Hartford Reduces Year-End Capital Margin Forecast (Update1)
By Linda Shen
November 3, 2008
Nov. 3 (Bloomberg) -- Hartford Financial Services Group Inc., the insurer that got an investment from Germany's Allianz SE in October, said its year-end capital margin may be lower than previously forecast because of declining stock prices.
Hartford will have $2 billion more than required to qualify for an AA rating if the Standard & Poor's 500 Index is at 900 on Dec. 31, the insurer said in a statement today. That compares with a $3.5 billion estimate on Oct. 6, after the Allianz transaction was announced, a projection based on the S&P reaching at 1,165 at yearend.
Slumping equity markets are pressuring results at life insurers because they guarantee minimum payments on some stock- based retirement investments even when benchmark indexes fall.

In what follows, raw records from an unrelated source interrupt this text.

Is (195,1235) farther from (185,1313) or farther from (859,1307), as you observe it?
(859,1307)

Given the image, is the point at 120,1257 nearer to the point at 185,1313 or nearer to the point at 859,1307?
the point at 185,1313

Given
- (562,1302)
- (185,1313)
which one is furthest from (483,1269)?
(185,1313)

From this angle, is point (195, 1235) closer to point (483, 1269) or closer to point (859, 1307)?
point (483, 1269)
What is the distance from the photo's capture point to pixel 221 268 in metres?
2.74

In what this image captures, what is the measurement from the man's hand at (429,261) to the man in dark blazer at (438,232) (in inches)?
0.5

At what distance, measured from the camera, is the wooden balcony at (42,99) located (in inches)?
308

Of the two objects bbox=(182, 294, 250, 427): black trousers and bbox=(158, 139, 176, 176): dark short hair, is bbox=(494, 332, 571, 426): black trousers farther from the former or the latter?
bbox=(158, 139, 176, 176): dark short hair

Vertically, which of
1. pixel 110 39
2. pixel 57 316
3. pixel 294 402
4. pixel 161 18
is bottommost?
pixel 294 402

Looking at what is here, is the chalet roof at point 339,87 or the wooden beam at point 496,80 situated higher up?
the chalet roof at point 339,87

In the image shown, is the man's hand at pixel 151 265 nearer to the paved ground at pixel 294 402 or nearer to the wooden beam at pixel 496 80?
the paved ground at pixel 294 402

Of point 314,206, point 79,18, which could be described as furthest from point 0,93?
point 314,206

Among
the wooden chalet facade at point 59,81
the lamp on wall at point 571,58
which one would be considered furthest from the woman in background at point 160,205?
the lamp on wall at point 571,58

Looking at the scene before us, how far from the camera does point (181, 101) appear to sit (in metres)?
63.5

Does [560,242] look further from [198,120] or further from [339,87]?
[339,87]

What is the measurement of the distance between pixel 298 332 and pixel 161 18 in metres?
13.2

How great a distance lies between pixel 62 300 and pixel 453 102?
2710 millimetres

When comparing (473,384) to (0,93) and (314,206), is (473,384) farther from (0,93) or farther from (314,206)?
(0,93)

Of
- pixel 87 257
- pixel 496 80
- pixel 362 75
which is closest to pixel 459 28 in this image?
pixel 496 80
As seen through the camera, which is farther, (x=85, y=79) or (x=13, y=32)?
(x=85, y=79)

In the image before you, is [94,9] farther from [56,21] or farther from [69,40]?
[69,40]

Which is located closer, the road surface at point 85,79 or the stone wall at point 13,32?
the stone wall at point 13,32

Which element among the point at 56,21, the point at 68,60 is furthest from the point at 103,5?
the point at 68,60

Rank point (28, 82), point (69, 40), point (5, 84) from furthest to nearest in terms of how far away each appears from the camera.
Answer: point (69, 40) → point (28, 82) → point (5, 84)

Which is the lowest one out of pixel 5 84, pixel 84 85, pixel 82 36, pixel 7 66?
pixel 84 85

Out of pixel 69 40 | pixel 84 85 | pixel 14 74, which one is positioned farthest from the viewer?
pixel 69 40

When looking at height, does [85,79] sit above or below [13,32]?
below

Hartford, based in the Connecticut city of the same name, recorded a $932 million charge tied to its retirement products in the third quarter. The S&P has plunged 34 percent this year.
Hartford is ``financially strong and well capitalized,'' and has ``access to additional sources of capital without tapping public markets or other capital raising options,'' the firm said.

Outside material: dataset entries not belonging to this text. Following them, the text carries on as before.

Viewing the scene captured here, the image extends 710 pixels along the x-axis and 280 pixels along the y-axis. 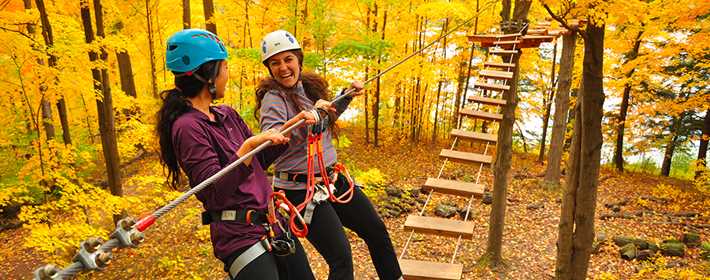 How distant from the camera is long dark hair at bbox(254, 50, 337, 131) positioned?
2.66 metres

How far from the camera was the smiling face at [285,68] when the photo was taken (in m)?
2.64

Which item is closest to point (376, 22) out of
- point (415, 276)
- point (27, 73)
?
point (27, 73)

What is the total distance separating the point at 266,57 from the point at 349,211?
→ 119cm

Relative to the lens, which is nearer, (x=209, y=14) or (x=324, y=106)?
(x=324, y=106)

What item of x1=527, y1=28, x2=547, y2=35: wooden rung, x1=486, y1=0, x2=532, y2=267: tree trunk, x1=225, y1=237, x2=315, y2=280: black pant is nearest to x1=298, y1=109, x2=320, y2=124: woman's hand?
x1=225, y1=237, x2=315, y2=280: black pant

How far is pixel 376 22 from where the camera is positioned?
1359 centimetres

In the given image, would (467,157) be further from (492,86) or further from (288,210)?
(288,210)

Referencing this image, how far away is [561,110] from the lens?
11445mm

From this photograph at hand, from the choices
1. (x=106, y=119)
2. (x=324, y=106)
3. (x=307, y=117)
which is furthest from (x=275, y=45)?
(x=106, y=119)

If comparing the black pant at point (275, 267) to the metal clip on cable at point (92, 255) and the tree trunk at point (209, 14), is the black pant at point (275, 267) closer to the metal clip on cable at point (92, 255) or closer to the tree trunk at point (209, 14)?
the metal clip on cable at point (92, 255)

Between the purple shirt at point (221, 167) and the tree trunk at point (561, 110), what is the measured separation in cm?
961

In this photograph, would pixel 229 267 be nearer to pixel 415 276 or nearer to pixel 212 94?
pixel 212 94

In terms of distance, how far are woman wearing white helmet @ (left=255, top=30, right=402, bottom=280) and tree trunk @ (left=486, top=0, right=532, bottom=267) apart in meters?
4.46

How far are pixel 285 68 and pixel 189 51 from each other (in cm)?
84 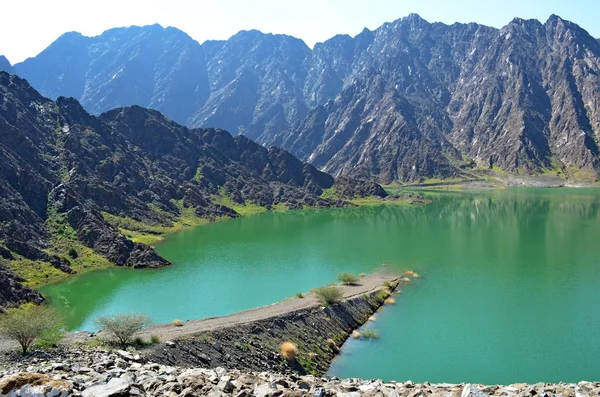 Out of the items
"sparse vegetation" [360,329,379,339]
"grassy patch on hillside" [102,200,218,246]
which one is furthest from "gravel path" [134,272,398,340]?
"grassy patch on hillside" [102,200,218,246]

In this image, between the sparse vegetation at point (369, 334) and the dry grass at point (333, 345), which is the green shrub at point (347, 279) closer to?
the sparse vegetation at point (369, 334)

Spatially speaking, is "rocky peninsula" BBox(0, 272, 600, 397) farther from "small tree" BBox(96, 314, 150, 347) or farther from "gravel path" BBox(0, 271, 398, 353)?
"small tree" BBox(96, 314, 150, 347)

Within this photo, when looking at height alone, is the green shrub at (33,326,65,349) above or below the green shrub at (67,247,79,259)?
above

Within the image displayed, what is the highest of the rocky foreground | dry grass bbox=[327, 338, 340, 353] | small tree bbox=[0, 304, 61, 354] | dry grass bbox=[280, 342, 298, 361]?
the rocky foreground

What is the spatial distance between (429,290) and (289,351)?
40865mm

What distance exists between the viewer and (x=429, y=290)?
91.5 meters

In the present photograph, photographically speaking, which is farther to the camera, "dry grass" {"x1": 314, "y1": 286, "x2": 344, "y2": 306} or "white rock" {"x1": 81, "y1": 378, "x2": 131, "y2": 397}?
"dry grass" {"x1": 314, "y1": 286, "x2": 344, "y2": 306}

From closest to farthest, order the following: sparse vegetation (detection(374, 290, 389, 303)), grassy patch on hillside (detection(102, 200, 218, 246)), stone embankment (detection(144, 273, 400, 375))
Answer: stone embankment (detection(144, 273, 400, 375)), sparse vegetation (detection(374, 290, 389, 303)), grassy patch on hillside (detection(102, 200, 218, 246))

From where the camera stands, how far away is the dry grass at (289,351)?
5847 centimetres

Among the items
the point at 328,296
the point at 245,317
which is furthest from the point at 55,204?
the point at 328,296

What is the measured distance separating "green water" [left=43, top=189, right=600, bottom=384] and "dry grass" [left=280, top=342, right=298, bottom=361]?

Hartford advanced 89 cents, or 8.6 percent, to $11.21 in early trading at 8:24 a.m. in New York.
The insurer said it had access to a $500 million contingent credit facility and a $1.9 billion bank credit line and that property and casualty businesses would continue to have capital above the threshold for an AA rating.
Chief Executive Officer Ramani Ayer secured a $2.5 billion investment from Allianz last month to cushion against declines in the insurer's holdings. Hartford, whose stock is down 88 percent this year, was also rocked by the falling value of bonds tied to ailing financial companies. The insurer posted a $2.63 billion loss for the third quarter.